JBoss.orgCommunity Documentation

Chapter 25. QueryHandler configuration

25.1. Indexing in clustered environment
25.2. Configuration
25.2.1. Query-handler configuration overview
25.2.2. Standalone strategy
25.2.3. Cluster-ready indexing strategies
25.2.4. JBoss-Cache template configuration
25.3. Asynchronous reindexing
25.3.1. On startup indexing
25.3.2. Hot Asynchronous Workspace Reindexing via JMX
25.3.3. Notices
25.4. Advanced tuning
25.4.1. Lucene tuning

JCR offers multiple indexing strategies. They include both for standalone and clustered environments using the advantages of running in a single JVM or doing the best to use all resources available in cluster. JCR uses Lucene library as underlying search and indexing engine, but it has several limitations that greatly reduce possibilities and limits the usage of cluster advantages. That's why eXo JCR offers three strategies that are suitable for it's own usecases. They are standalone, clustered with shared index and clustered with local indexes. Each one has it's pros and cons.

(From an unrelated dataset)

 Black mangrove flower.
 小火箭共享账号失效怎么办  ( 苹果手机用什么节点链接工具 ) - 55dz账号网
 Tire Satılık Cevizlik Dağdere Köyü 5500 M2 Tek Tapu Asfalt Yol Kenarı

Stanadlone strategy provides a stack of indexes to achieve greater performance within single JVM.

It combines in-memory buffer index directory with delayed file-system flushing. This index is called "Volatile" and it is invoked in searches also. Within some conditions volatile index is flushed to the persistent storage (file system) as new index directory. This allows to achieve great results for write operations.

Clustered implementation with local indexes is built upon same strategy with volatile in-memory index buffer along with delayed flushing on persistent storage.

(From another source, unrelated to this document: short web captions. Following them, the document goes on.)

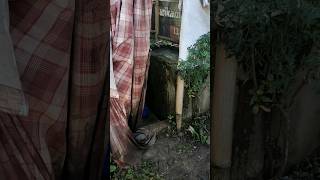 Download lagu salah satu tempat mandi yang ada di kampung #jalanpedesaan #kampung #hujan mp3 Download lagu salah satu tempat mandi yang ada di kampung #jalanpedesaan #kampung #hujan mp3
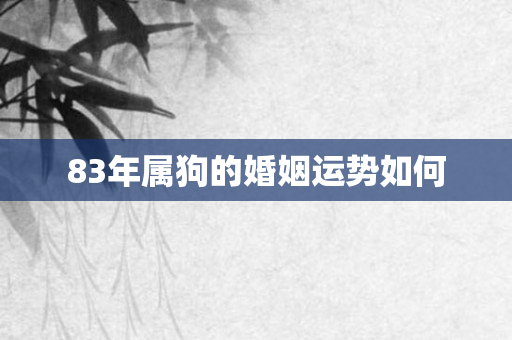 83年属狗的婚姻运势如何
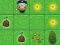 Spel Magic Seeds på nätet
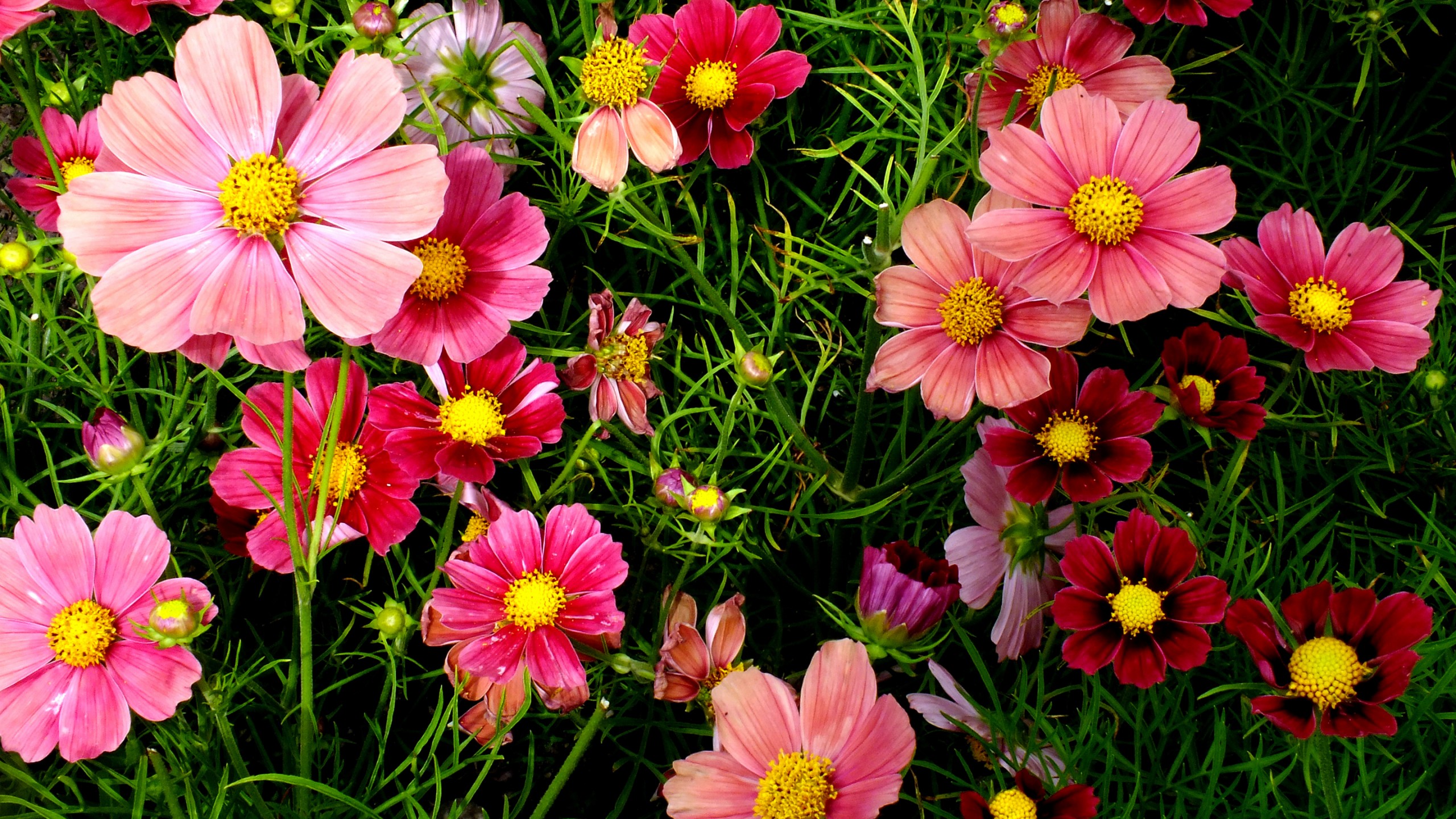 Flowers / Cosmos Wallpaper - Fondo De Flores , HD Wallpaper & Backgrounds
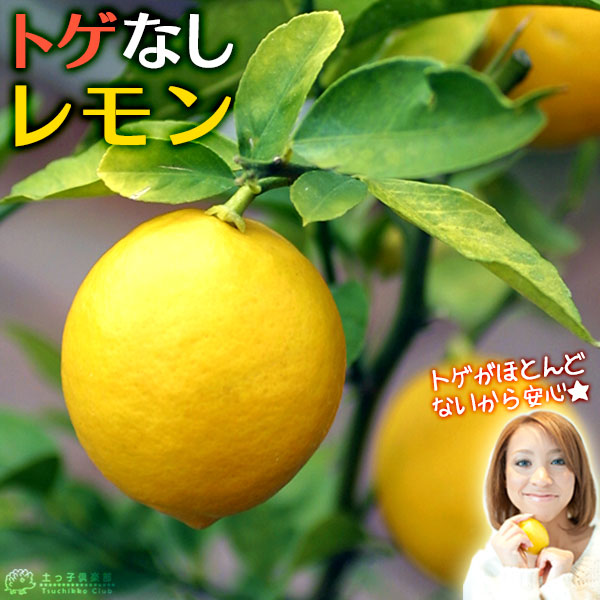 楽天市場】トゲなし レモン 6号鉢植え 接ぎ木苗 柑橘 品種 自家結実 1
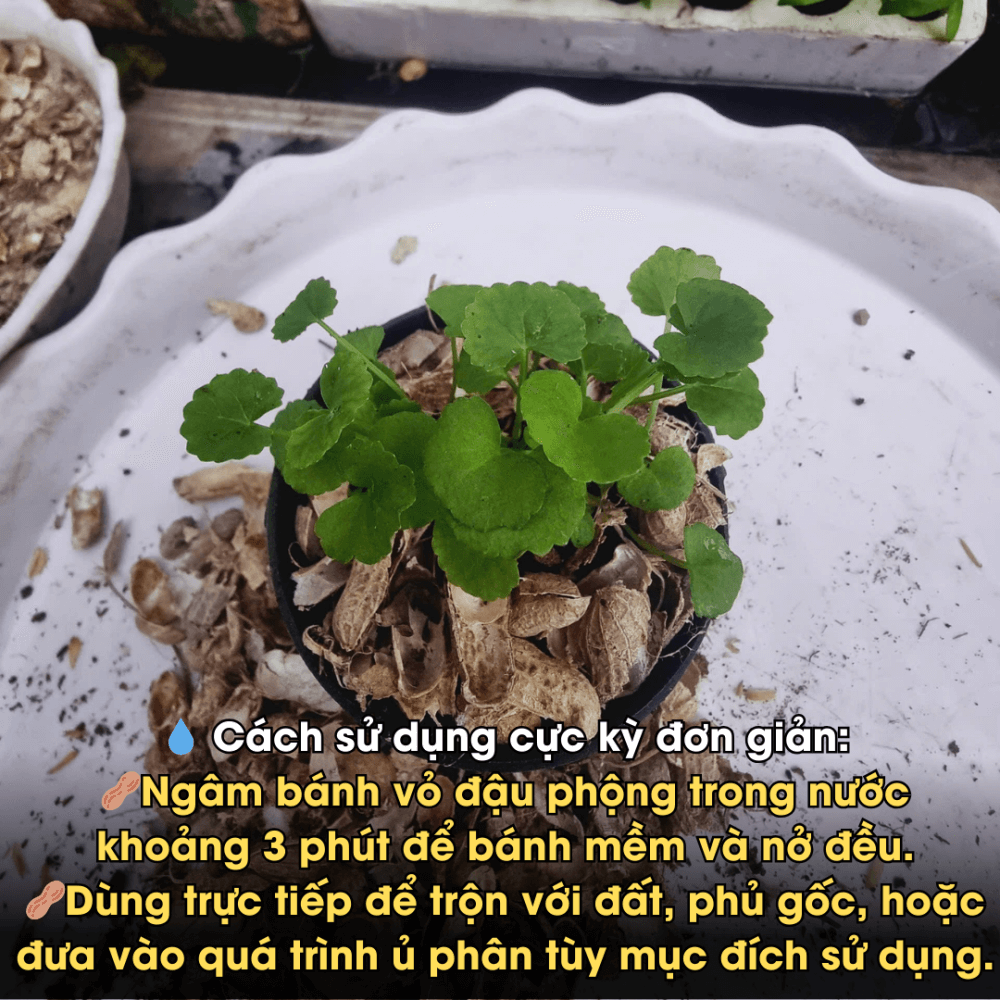 Vỏ Đậu Phộng Ép Bánh Orgamix – Giá Thể Hữu Cơ Từ Thiên Nhiên, Giàu Đạm, Tơi Xốp Đất 3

As this implementation designed for clustered environment it has additional mechanisms for data delivery within cluster. Actual text extraction jobs done on the same node that does content operations (i.e. write operation). Prepared "documents" (Lucene term that means block of data ready for indexing) are replicated withing cluster nodes and processed by local indexes. So each cluster instance has the same index content. When new node joins the cluster it has no initial index, so it must be created. There are some supported ways of doing this operation. The simplest is to simply copy the index manually but this is not intended for use. If no initial index found JCR uses automated sceneries. They are controlled via configuration (see "index-recovery-mode" parameter) offering full re-indexing from database or copying from another cluster node.

For some reasons having a multiple index copies on each instance can be costly. So shared index can be used instead (see diagram below).

This indexing strategy combines advantages of in-memory index along with shared persistent index offering "near" real time search capabilities. This means that newly added content is accessible via search practically immediately. This strategy allows nodes to index data in their own volatile (in-memory) indexes, but persistent indexes are managed by single "coordinator" node only. Each cluster instance has a read access for shared index to perform queries combining search results found in own in-memory index also. Take in account that shared folder must be configured in your system environment (i.e. mounted NFS folder). But this strategy in some extremely rare cases can have a bit different volatile indexes within cluster instances for a while. In a few seconds they will be up2date.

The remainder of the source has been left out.